Today’s Scripture
Reading (November 25, 2017): Matthew 27
Fredrick Buechner writes that “Life is grace. Sleep is forgiveness. The night absolves.
Darkness wipes the slate clean, not spotless to be sure, but clean enough for
another day's chalking.” I learned many
years ago to not make any significant
decisions during the evening or night. As much as I admit that I am a night
owl, I need to hit the reset button and come at a major problem in the light of the day. Someone once said that most
pastors resign every Monday morning, they just never hand in their letters of
resignation. I understand the emotion, but for me,
it is Sunday night. On Sunday night I am always pretty sure that I have nothing
left to say, that I have given everything that I have to give and that I have absorbed all of the
criticism that one person should be expected to bear. But after a good night’s
sleep, all of that seems to fade. Maybe I have enough strength for one more
week, enough to say for one more sermon, and enough resilience to absorb just a little more criticism.
I have to admit that the story
of Judas confuses me more than just a little. I mean, all of God’s plan for
redemption depended on Jesus’s betrayal. When did Jesus know that Judas would
be the one who would betray him? How did Jesus react to betrayal? Part of the
problem in the story is that there is no reset button, the forgiveness that
sleep offers is never obtained by either
the Rabbi or his disciple. The story arch for both Judas and Jesus run
concurrently, Jesus is tried and crucified just as Judas runs into his depression
and commits suicide, and for both men,
death comes before the men get an opportunity for sleep and the forgiveness that it brings. I have never been convinced that Judas was evil to the core,
or that this was just about the money. And Judas’s suicide seems to indicate
that something else was at play in the mind of Jesus’s betrayer.
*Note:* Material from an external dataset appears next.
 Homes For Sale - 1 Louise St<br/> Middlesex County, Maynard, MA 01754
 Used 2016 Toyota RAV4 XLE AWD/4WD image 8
Judas’s
intended outcome in turning Jesus over to the religious authorities does not
seem to be the death of Jesus. If anything, I think Judas wanted to spur Jesus
on toward the purpose of the Messiah’s coming as Judas understood it. Judas
wanted to unleash the Superman that he believed Jesus to be.
But that is not what happened.
The situation, from Judas’s viewpoint, spiraled out of control. The Messiah
dies instead of achieving the Messianic victory that Judas and many Jews had
expected. And in dismay, Judas dies – and he probably dies in a very clumsy
manner. There is actually biblical
conflict in the description of Judas’s death, While Matthew says that Judas
hanged himself, Luke argues that “Judas bought a field; there he fell headlong, his body burst open and all his intestines spilled out” (Acts
1:18). Maybe the logical solution to the contrasting
descriptions of Judas’s death is that he attempted to hang himself, but in his
haste was not successful and died as a result from an awkward fall that
followed his attempted suicide.
Maybe the bigger
question is whether or not there was grace enough even for Judas. If somehow
Judas had survived to Easter Sunday, was grace available to him in spite of
what he had done. And I think the answer would have been yes. If Judas had
lived, there is little doubt that he would have
been immediately rejected by the other Apostles, but I have a suspicion
that Jesus would have appeared to them bringing forgiveness, grace, and reconciliation. Peter and Judas could
have had some great conversations considering their failures, and maybe the
Christian Church would have been made even stronger – Judas could have been our
real-life Ebenezer Scrooge.
But that is not what
happened. Judas did not find the grace inherent in life nor the forgiveness of
sleep. He did not wake up on Saturday morning mourning his loss, but with a
slate ready to be chalked up once more. And Judas did not give Jesus the chance
to come and offer him a second chance to get it right, and that might be the
most tragic event in the life and death of Judas Iscariot.